Si l'association voulait organiser un événement là, parce qu'on fait des événements une fois par mois, oui peut-être qu'on pourrait l'organiser dans le quartier chinois, mais la question c'est où? (Entrevue #8)

Les nouvelles générations arrivent, les gens d'affaires communiquent avec nous. Je vais te donner un exemple. Quand on a fait le Nouvel An chinois, il y a un nouveau restaurant asiatique qui vient d'ouvrir dans le square Philips qui nous a dit: On vient d'ouvrir, on s'entraide, on va recevoir tes gens et comme ça tu vas faire connaître notre restaurant aussi. (Entrevue #8)

Ces jeunes professionnels, par leurs compétences et leurs spécialisations respectives, cherchent à participer à un développement économique qui n’est plus ancré dans un lieu précis. Leur vision du développement et de l’entrepreneuriat diffère sans contredit de celle des autres générations de migrants. Cependant, l’accent est plus souvent mis sur le développement

économique bien plus que sur la participation politique. Selon l’une des membres, on ne

retrouve encore que très peu de personnes d’origine chinoise dans certains domaines. L’association YCPA, dont l’objectif est de donner une plus grande visibilité aux personnes d’origine chinoise, va pourtant dans le sens d’une plus grande participation aux prises de décision, notamment dans des sphères politiques.

Ça fait 200 ans que les Chinois sont là, que les Asiatiques sont là. Mais je dirais qu’ils n’ont pas pris leur place encore. Ils ont beau avoir des super études, ils réussissent très bien au niveau académique, des super emplois, mais quand on parle des cercles d’influence, que ce soit dans les milieux, je dirais des postes de cadre, ou encore gouvernementaux, on n’en voit pas de Chinois ou d’Asiatiques. (Entrevue #8)

La question de la représentation des communautés ethnoculturelles demeure problématique alors que la majorité continue de limiter la capacité de représentation de celles-ci dans de nombreux milieux, notamment dans la fonction publique (Germain, Liégeois et Hoernig 2008, 21).
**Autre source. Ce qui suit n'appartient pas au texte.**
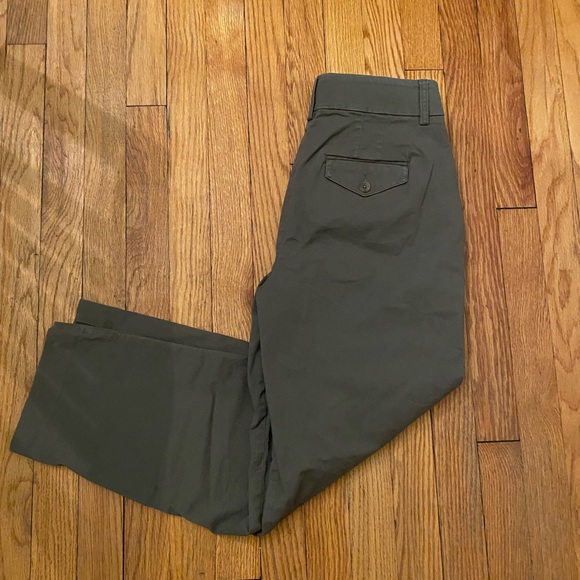 Express Green Ankle Cropped Pants - Picture 4 of 5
En comparaison avec les communautés installées à Vancouver, l’un des répondants indiquait ne pas sentir beaucoup de participation politique chez les jeunes qu’il rencontre ici.

[À Vancouver] La population est très ancrée. Ils sont venus depuis longtemps, ils ont construit la ville, ils sont là, ils sont acceptés jusqu’à un certain niveau. Il y a plus de présence politique. On voit des membres du parlement chinois, on voit des représentants du gouvernement chinois, on voit des gens en position de pouvoir, on voit des gens dans les médias, des annonceurs, des animateurs chinois sur l’émission de nouvelles. (Entrevue #7)
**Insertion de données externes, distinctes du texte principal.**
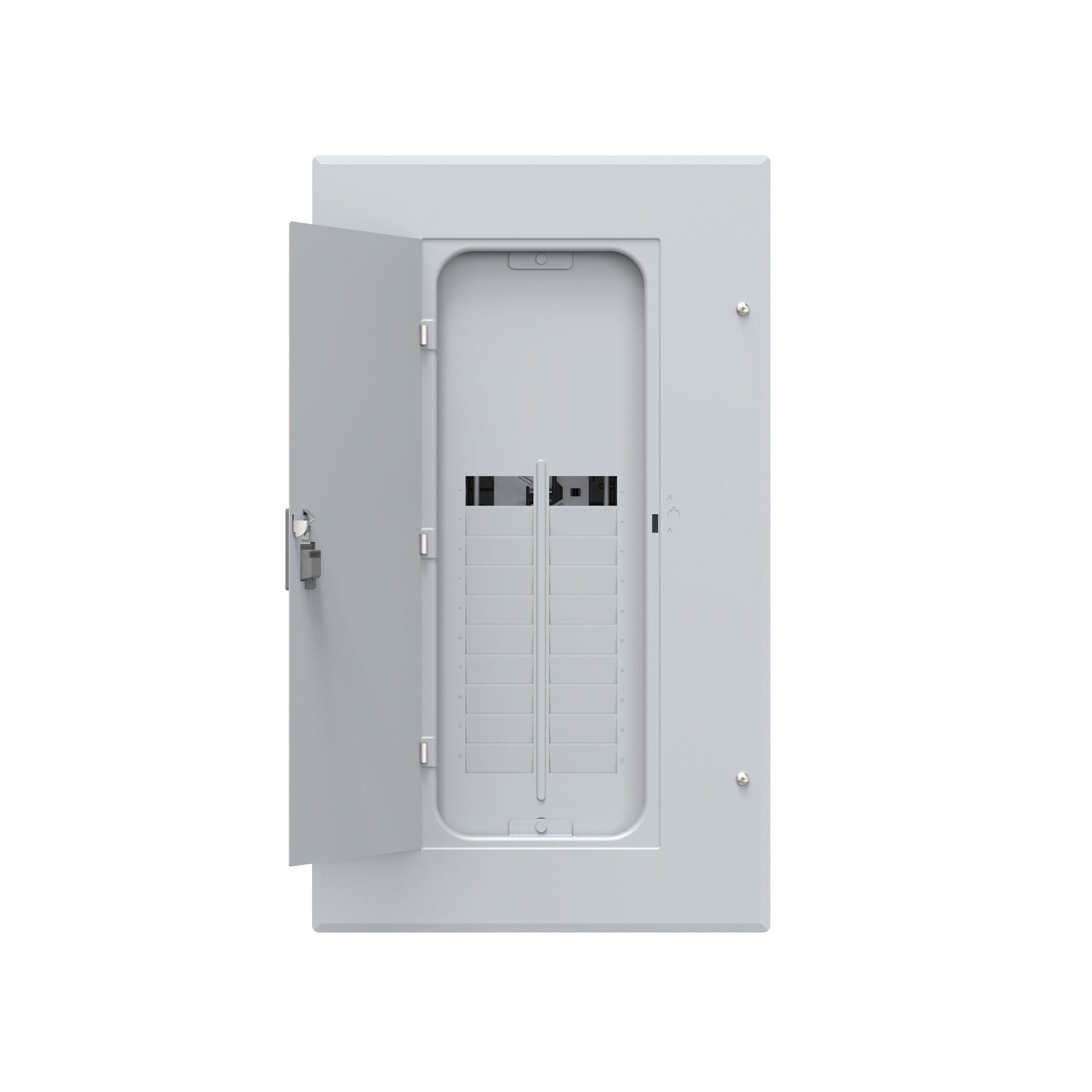 ABB ReliaHome P-Series 200-Amp 20-space load center - front view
[Au Québec] je ne le ressens pas des communautés, des gens, des associations, des étudiants qui viennent à Concordia, qui restent 3 ou 4 ans puis qui repartent. Ou des nouvelles générations qui viennent pour une raison ou pour une autre, peut-être pour se faire une nouvelle vie, pour trouver du travail, mais pas nécessairement pour effectuer du changement politique. Les changements politiques, je le vois plus dans la communauté des Chinois de deuxième, troisième, quatrième génération. (Entrevue #7)
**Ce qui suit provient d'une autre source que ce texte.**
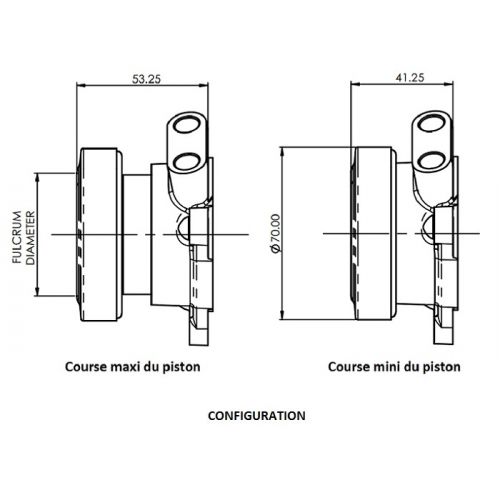 Kit de joint butée hydraulique AP RACING CP375938/50/54 + CP6859 (copie)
Ce participant rappelle que cette visibilité dans les sphères politiques serait toutefois plus présente chez les jeunes de deuxième génération et plus. De plus en plus, les jeunes, par les réseaux auxquels ils participent, semblent chercher à s’engager dans certains milieux professionnels et dans des cercles d’influence. Leur implication ne se limite donc plus à des espaces physiques, mais se fait désormais dans un espace global et politique.